I have been staying busy-ish.
I covered an ugly sofa pillow with an orphan block.
I think it turned out well.
And I had some pre-quilted fabric, so I covered two more.
I got the little girl quilt back from the quilter, so I bound it.
My quilting friends liked the back more than the front.
The pink fabric I found at a garage sale, plus the quilting design, made the quilt adorable. Kali liked it, and her mother sent me a photo of her, via text message, curled up on it.
At Mom's house I started a new project that involved a bunch of little squares (you may have seen them in a previous post).
THEN I decide to move everything out of my sewing room into the room above, so I can paint the sewing room and turn it into a bedroom and have the old bedroom, which is bigger, as my sewing room. After 4 trips to Goodwill to get rid of stuff I'd stored in the closets of both rooms, I discovered I lost my car (and house keys), so I used a spare key to drive myself to the gym for a swim to relieve some of my frustration. When I got home I started going through the trash bags. I found my keys in the first one. HOO-RAY!
I thought I would paint the old sewing room-new bedroom a color to go with the border I thought I loved.
I don't love it, so I spent the most of one holiday weekend removing almost all of it. I nearly fell backward off the ladder, so I took a break, and once I resumed working, I actually did fall backward off the ladder, but I was lucky enough to land on my feet. I climbed back up, THEN I nearly did a header off the ladder and called it quits for the day. The next day I went to buy paint; I was optimistic that yellow would be a cheerful, delightful color.

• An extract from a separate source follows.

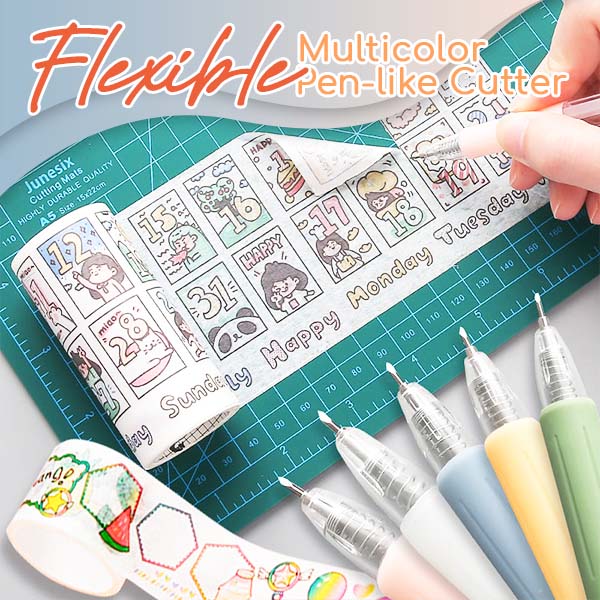 Flexible Multicolor Pen-like Cutter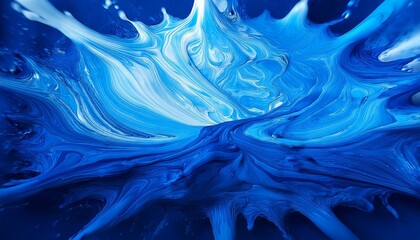 modern and abstract blue colorsplash background texture with beautiful strong colors generative ai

I was wrong about that too. I will choose a muslin color and hire the painting out to a co-worker.
Atlanta has had a woefully rainy summer. That's why we don't have any locally grown tomatoes this year. People told me gardening was an exercise in futility. I have such awful water problems in my yard. Below is a photo of the gutter I banged on with a broomstick while standing in the rain, on a table, in an effort to dislodge a clog.
So today I am trying to turn 12 placemats my Mother's friend made for her, out of Brannock-Patek Moda fabric, into a quilt.After sewing 8 inches, and then ripping it out, my Bernina started making a grinding sound. Fail again.
I've had a couple of counseling sessions in which I've been told I keep running from my feelings, that I'm lost, scared and angry. The last session had me crying for a day and a half. I don't want to go back. I have, however, found a grief support group that meets on Sunday evenings. That may allow me time to pull myself together enough to go to work Monday mornings.
The night before last I dreamed my husband didn't die and he was standing in our closet wondering where his clothes went. And last night I didn't fall asleep until 3 a.m. because I was scared I'd have another haunting dream.
This afternoon I think I will go to the gym and beat the holy hell out of the heavy bag.